I HAVE JUST seen the dumbest TV show in history, a sordid, putrid mess that makes dwarf-tossing look sophisticated.
I have seen grown men and women willingly degrade themselves in front of a howling studio audience as they slosh about in the slimy underbelly of modern American entertainment.
I have seen The Chamber.
Now the only question is: How much brain damage have I suffered? (A quick guess: Lots.)
If you aren't familiar with The Chamber - and this would be a good thing - it's Fox's latest entry in the category of "alternative programming, " that unholy mix of "reality" show and "game" show where contestants try to win money by doing disgusting, dangerous or stupid things.
In this case, "stupid" is the operative word.
Believe me, The Chamber makes Temptation Island look like It's Academic.
So naturally, it drew 10 million viewers the first time it aired in a "special series preview." And 8 million the next time it previewed. Proving that some people will watch anything and that you could probably get boffo Nielsen ratings with a show about a bulldozer backing up over someone's foot.
In a nutshell - and you'd have to be nuts to watch this a second time - the show works like this: Contestants are strapped into a forbidding-looking chamber that looks like something from the Jeffrey Dahmer Collection.
Then they're subjected to 150-degree heat and shooting flames or cold down to 20 degrees below zero and freezing blasts of water in their faces.
Oh, did I mention the electrodes?
I should mention them.
While all this is going on, electrodes attached to the contestant's muscles are causing uncomfortable contractions.
And the chair - we should probably mention that, too.
The whole time, the chair is shaking with the force of an earthquake registering 9.0 on the Richter scale.

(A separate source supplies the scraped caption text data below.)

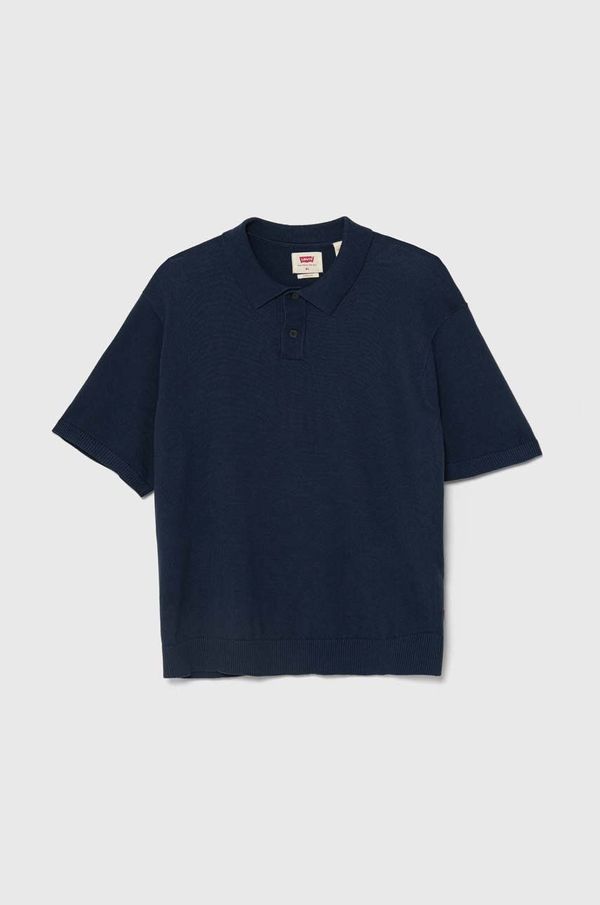 Levi's Bombažen polo Levi's mornarsko modra barva, A7294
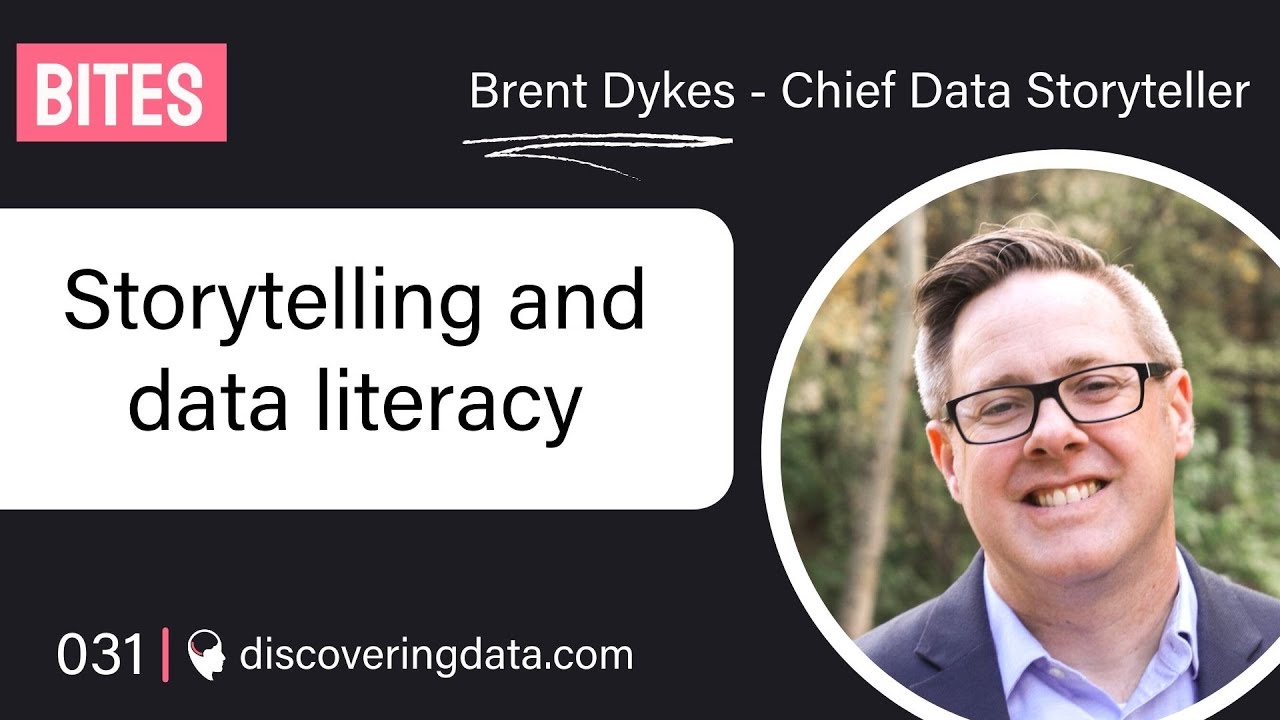 Storytelling and data literacy with Brent Dykes #discoveringdata ...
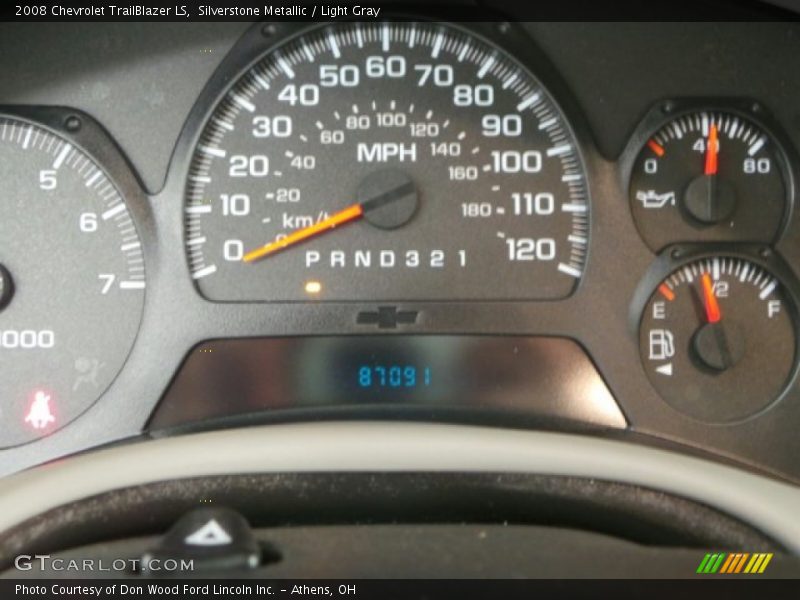 Silverstone Metallic / Light Gray 2008 Chevrolet TrailBlazer LS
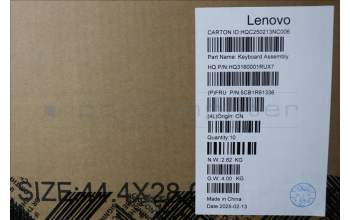 Lenovo 5CB1R61336 COVER UpCaseASM ENG H83JQ NFP SSH PS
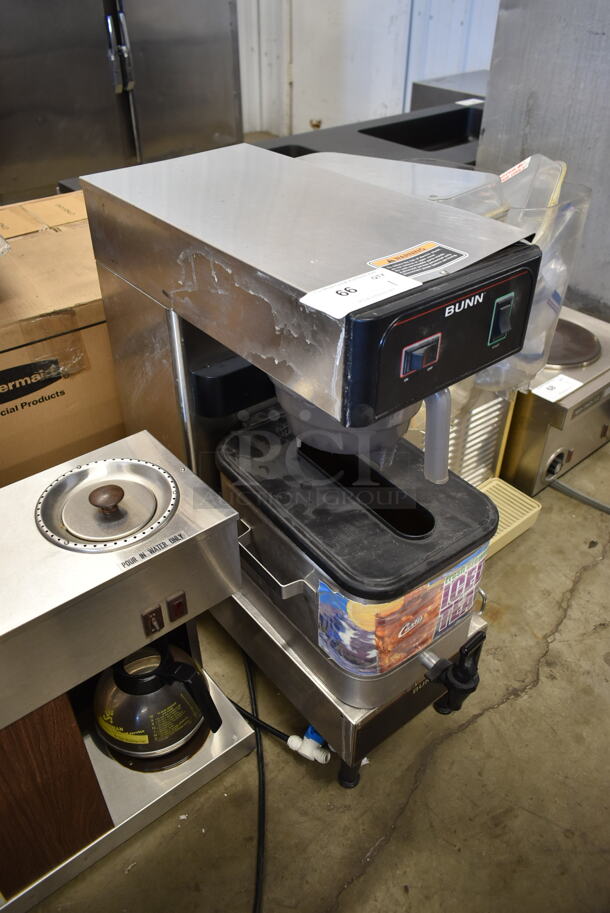 Bunn TB3Q-LP Stainless Steel Commercial Countertop Iced Tea Machine w/ Poly Brew Basket and Beverage Holder Dispenser. 120 Volts, 1 Phase.  - Image 2 of 6
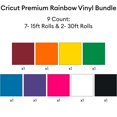 thumbnail image 2 of Paquete de vinilos Cricut Premium Rainbow de 9 x 4,5 m + 2 x 9 m en blanco y negro, 2 of 7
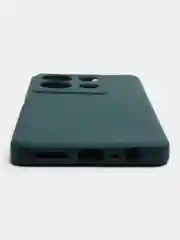Тёмно-зелёный чехол Infinix Note 30 / Инфиникс Нот 30, силиконовый, матовый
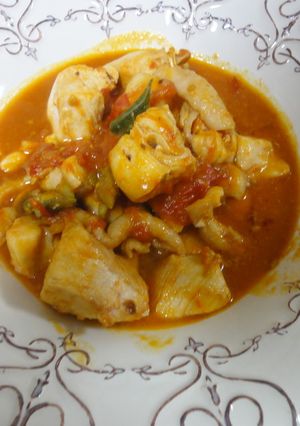 簡単！鶏胸肉のトマト煮込み-レシピのメイン写真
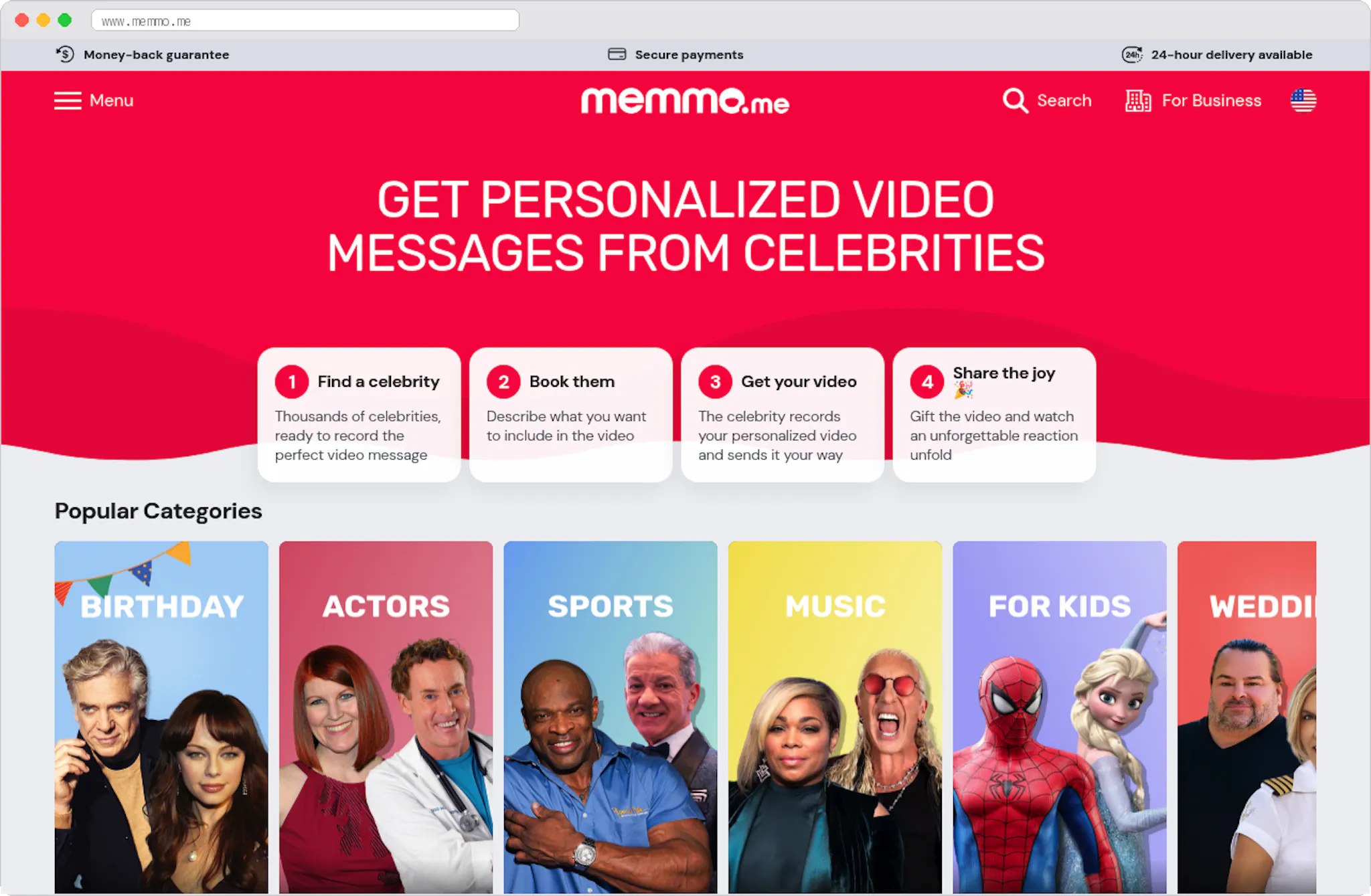 Memmo marketplace homepage screenshot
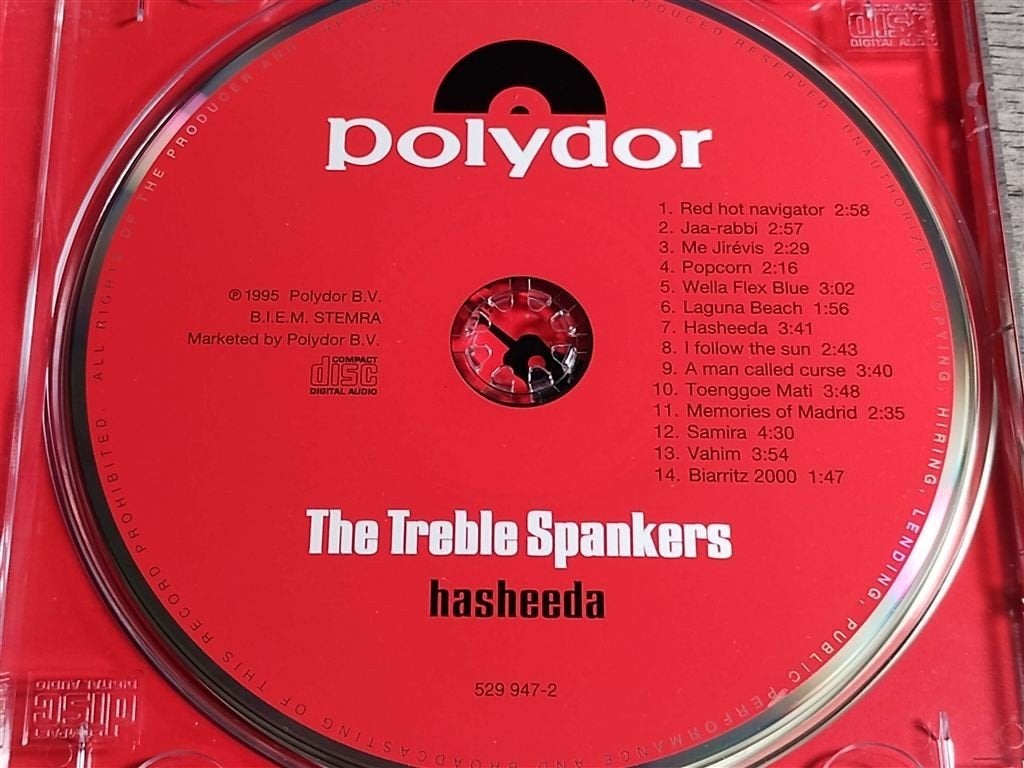 The Treble Spankers ‎- Hasheeda, Ophalen of Verzenden, Zo goed als nieuw, Poprock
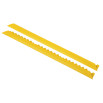 Yellow bevelled edges for anti-fatigue matting
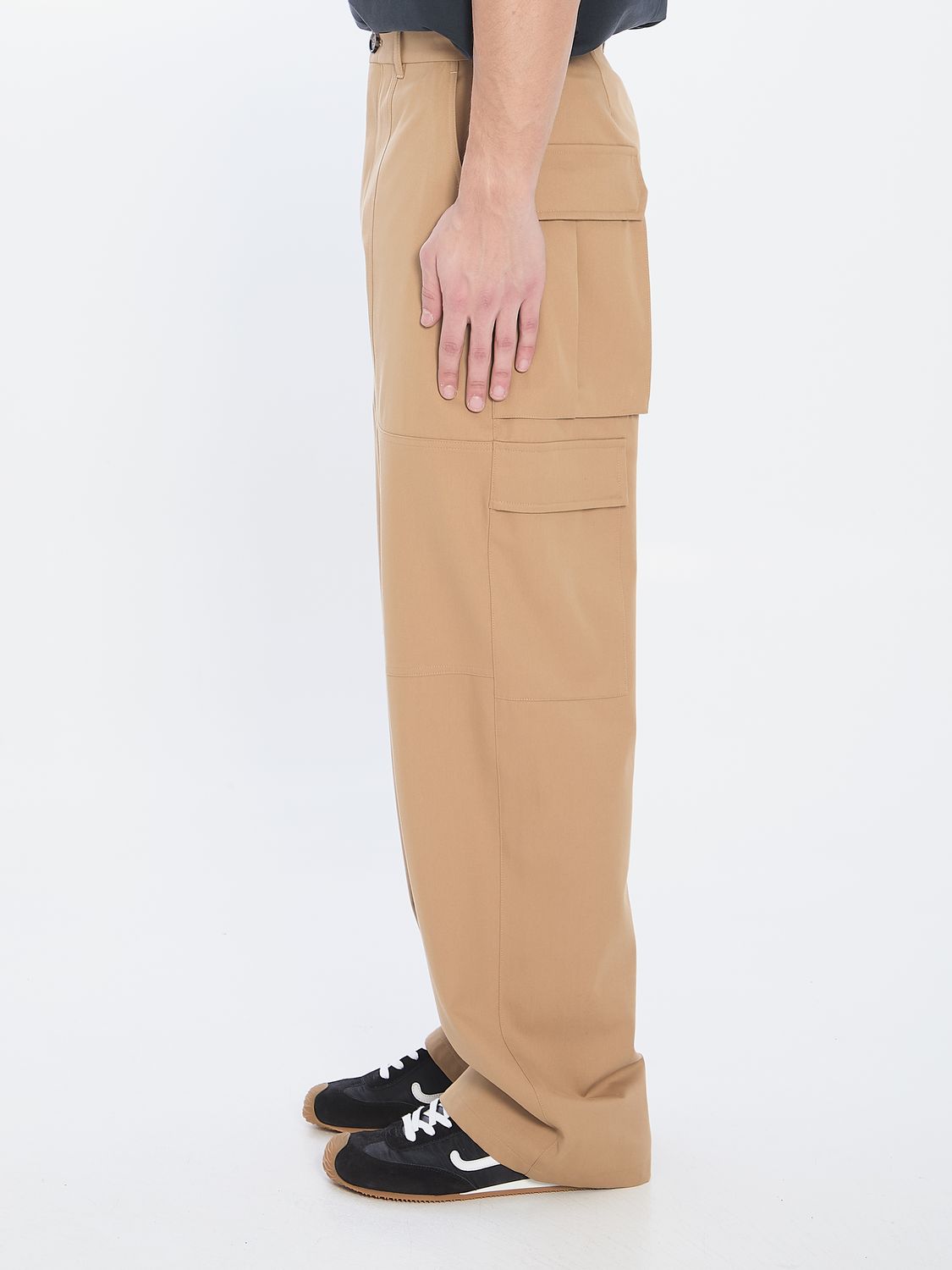 LOEWE Men's Cargo Trousers - Size 46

And while all this is going on, the contestant is supposed to answer questions, each worth a thousand bucks.
You think I'm kidding.
I only wish I were.
When you watch something this horrible and find out it drew 18 million viewers and made scads of cash for Fox, your first reaction, as a sentient being, is to say: How can I get in on that?
But your second reaction is: Who thinks up this stuff? And how is it that he or she isn't in a locked ward somewhere?
So yesterday I called Los Angeles and spoke to Mike Darnell, Fox's executive vice president for alternative programming and one of the show's creators. He also was the creative force behind Temptation Island, When Good Pets Go Bad and Who Wants to Marry a Multimillionaire?(He's also being sued by the creator of ABC's The Chair, who finds The Chamber a little too similar. Oh, yeah, The Chair is a classy show, too. Contestants are hooked up to a heart monitor and answer questions while such common distractions as, oh, fireworks and dangling alligators are trotted out.
Anyway, Darnell, 39, modestly said he came up with the idea for The Chamber in a "collaboration" with others from Dick Clark Productions, which begs the question: When did Dick Clark go insane?
Darnell said he was a big fan of NBC's Fear Factor, the hyper-reality show in which contestants confront their fears for big bucks. A woman who's terrified of rodents, for instance, might be placed in a box with mice running all over her.
The Chamber, said Darnell, "is 'Fear Factor-ish' in a sense" as contestants push past their fears and pain thresholds.
The "visceral reaction" of the contestants to their stressful surroundings - this would apparently include any panicky screams or moans or gasps of pain - is what makes the show "spectacular," he said.
Oh, I said.
"You can say it's 140 degrees, but it's hard to experience it until you actually see someone experience it," said Darnell.
Darnell said six episodes of The Chamber have already been shot (it officially premieres tomorrow night at 8). If it continues to draw a large audience, the show will stay on.
Thus far, Darnell said, reaction to the show has been mixed.
Uh, mixed? I said.
"I haven't read a lot of critical stuff," he continued. "[The TV critics] seem to like it, or at least appreciate it. They seem to like it a little better than the [TV] audience. The audience has a visceral reaction to it. Some love it. Some can't stand it. Some say it's an abomination."
Me, I go with door No. 3 on that one.
But apparently abominations do pretty well in the ratings these days.
In fact, ensuring that The Chamber continues to be an abomination, Darnell said he and his staff are tinkering with ways to make the show even crazier.
Yeah? Like how? I asked.
"Oh, an animal chamber, a bug chamber, a dizzy chamber, maybe something with water," he said.
Something with water? I said. Where the chair plunges into a pool or something?
"We haven't really worked it all out yet," said Darnell.
Well, OK. But a near-drowning, that's got "ratings-grabber" written all over it.